Promising Treatment for Scleroderma-Related Interstitial Lung Disease

Cyclophosphamide and mycophenolate mofetil efficacious for scleroderma-related lung disease, according to trial data reported at ACR/ARHP 2015.

Oral cyclophosphamide and mycophenolate mofetil were equally efficacious in improving forced vital capacity (FVC) in patients with scleroderma and symptomatic interstitial lung disease (ILD), according to results from the Scleroderma Lung Study II presented at the 2015 annual meeting of the American College of Rheumatology.1

ILD, the most frequent cause of scleroderma-related mortality, is present in approximately 90% of individuals with scleroderma as revealed by high-resolution computed tomography (HRCT). Changes in pulmonary function tests are present in 40% to 75% of patients with scleroderma.2

Inflammation Postulated as Cause of ILD In Scleroderma; Anti-Inflammatory Agents Potentially Beneficial

“For a sizeable fraction of people with scleroderma, scarring lung disease can be associated with a great deal of suffering and even with death,” stated lead investigator Philip Clements, MD, of the David Geffen School of Medicine at the University of California, Los Angeles, in a press release. “We postulated that the interstitial lung disease seen in scleroderma was caused in part by inflammation. We therefore sought to decrease the inflammation with medications that have strong anti-inflammatory properties, namely cyclophosphamide and mycophenolate mofetil.”

The Scleroderma Lung Study II was built on knowledge gleaned from the Scleroderma Lung Study, a 13-center, double-blind, randomized, placebo-controlled trial of oral cyclophosphamide. That study found that treatment with cyclophosphamide resulted in modest improvements in FVC and total lung capacity over a period of one year in patients with ILD.3 However, the benefits of cyclophosphamide were no longer apparent 24 months following treatment cessation, necessitating further exploration of alternative treatments.4 Alternatives to cyclophosphamide are also desirable due to its high toxicity and potential for adverse effects.5

Methodology and Results

The research team randomly assigned 142 patients to receive either oral cyclophosphamide 2 mg/kg/d for one year followed by matching placebo for the second year, or mycophenolate mofetil up to 1500 mg twice daily for 2 years. The patients included in the study had all been diagnosed with scleroderma for fewer than 7 years, were affected by moderate dyspnea, had an FVC of 45% to 80%, and had any ground-glass opacification on chest HRCT. Baseline characteristics were the same in both treatment groups except for higher modified Rodnan skin scores in the group that received mycophenolate mofetil. Patients were assessed with physical examinations (including modified Rodnan skin scoring), pulmonary function testing, and standardized questionnaires that elicit patient-reported outcomes at baseline and every 3 months for 2 years.

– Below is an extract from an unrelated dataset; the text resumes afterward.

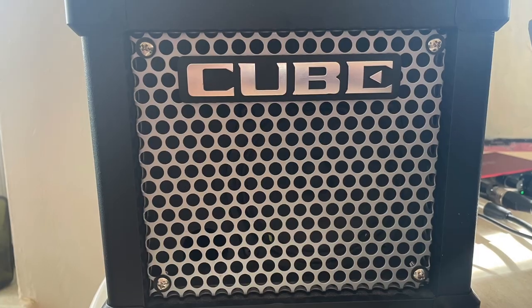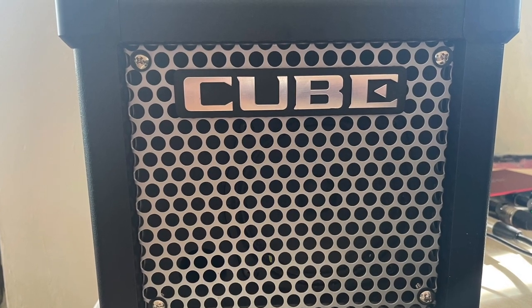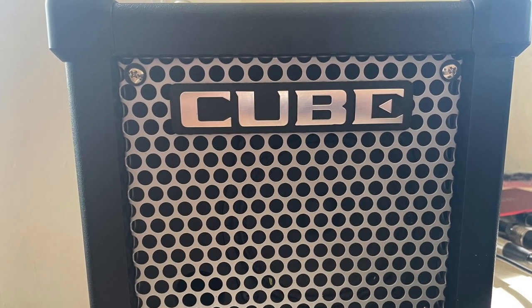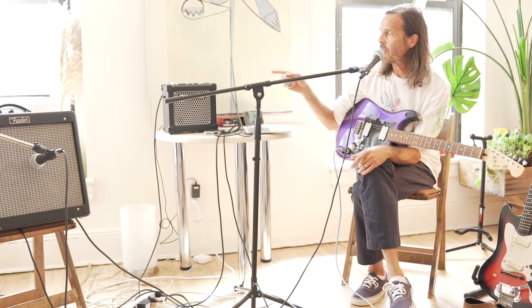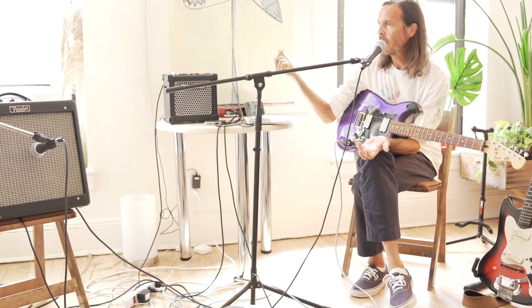On the album, my secret weapon is this Cube amp — this practice amp — because it's so small I got it just to practice with. But it has all these cool effects on it. I use some effects live and on the recording, but I found this amp so convenient because their phaser is just so interesting.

In preliminary analyses at 2 years, patients in both treatment groups showed similar significant improvements in FVC, dyspnea, modified Rodnan skin scores, and interstitial lung change on HRCT scan of the lungs (P<.05). More patients in the cyclophosphamide arm withdrew from study treatment prematurely (36 in the cyclophosphamide arm vs 20 in the mycophenolate mofetil arm; P=.019).


Dr Clements noted that there is a risk of permanent lung damage within the first 5 to 7 years following a diagnosis of scleroderma, making it important for patients to undergo screening with pulmonary function tests at 6-month intervals. “If a patient’s lung function declines, rheumatologists should consider treating him or her as early as possible with cyclophosphamide or mycophenolate mofetil to try to prevent further progressive lung scaring,” he concluded.


  1. Clements PJ, Tashkin D, Roth M, et al. The Scleroderma Lung Study II (SLS II) shows that both oral cyclophosphamide (CYC) and mycophenolate mofetil (MMF) are efficacious in treating progressive interstitial lung disease (ILD) in patients with systemic sclerosis (SSc) [abstract]. Arthritis Rheumatol. 2015;67 (suppl 10).
  2. Solomon JJ, Olson AL, Fischer A, Bull T, Brown KK, Raghu G. Scleroderma lung disease. Eur Respir Rev. 2013;22(127):6-19. doi:10.1183/09059180.00005512.
  3. Tashkin DP, Elashoff R, Clements PJ, et al. Cyclophosphamide versus placebo in scleroderma lung disease. N Engl J Med. 2006;354(25):2655-2666.
  4. Tashkin DP, Elashoff R, Clements PJ, et al. Effects of 1-year treatment with cyclophosphamide on outcomes at 2 years in scleroderma lung disease. Am J Respir Crit Care Med. 2007;176(10):1026-1034.
  5. Martinez FJ, McCune WJ. Cyclophosphamide for scleroderma lung disease. N Engl J Med. 2006;354(25):2707-2709.